WestJet cancels flights ahead of long weekend after 2nd strike notice

Ahead of a busy travel weekend, WestJet has started cancelling flights as unionized mechanics at the airline prepare to go on strike once again.Approximately 25 flights have been cancelled for Thursday and Friday, impacting roughly 3,300 customers, WestJet said in a news release.

This comes after the Calgary-based airline said it had received a second strike notice in over a week from the Aircraft Mechanics Fraternal Association, which represents some 670 aircraft maintenance engineers and other skilled-trade positions at the carrier.

The union workers are planning to go on strike as early as Friday 7:30 p.m. ET.

The preemptive flight cancellations will ensure that aircrafts can be safely parked in a controlled manner, and prevent the stranding of travellers and crew, WestJet said.

The timing of the potential job action could disrupt the travel plans of more than 250,000 customers who are scheduled to travel over the July long weekend, the airline said.

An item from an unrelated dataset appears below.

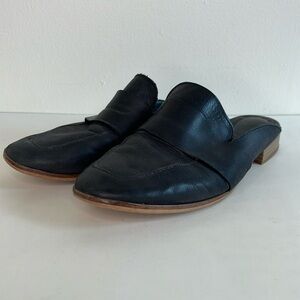Free People Sz 37 (6.5-7) At Ease Black Leather Mules Loafers Spain 500025403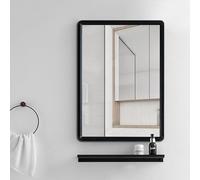 Warmiehomy 50 x 70cm Bathroom Mirror Black Frame Rectangular Mirror for Wall Hanging Hallway Mirror for Bath Living Room Bedroom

“As we quickly approach the July long weekend, it is especially devastating that the strike notice we have received from AMFA forces us to begin cancelling flights and parking aircraft, for the second time in just over a week,” said Diederik Pen, president of WestJet Airlines and group chief operating officer.

“As we are forced to make this painful decision, every one of us at WestJet feels the immense weight of the impact this will have on each of our guests and the communities we serve, counting on us to fulfil their travel plans this weekend,” he added.

The AMFA is accusing WestJet of suing it without notifying its negotiators, who are working with the airline on a new collective bargaining deal.

The union said WestJet’s statement about a strike putting it and travellers in peril is “inflammatory” and is urging WestJet to spend more negotiating with union representatives.

Union members overwhelmingly voted to reject a tentative deal earlier this month and have opposed WestJet’s request for arbitration.Speaking to reporters in Calgary on Wednesday, WestJet CEO Alexis von Hoensbroech said that the airline’s maintenance engineers are already “among the best paid in Canada,” earning $109,000 annually on average.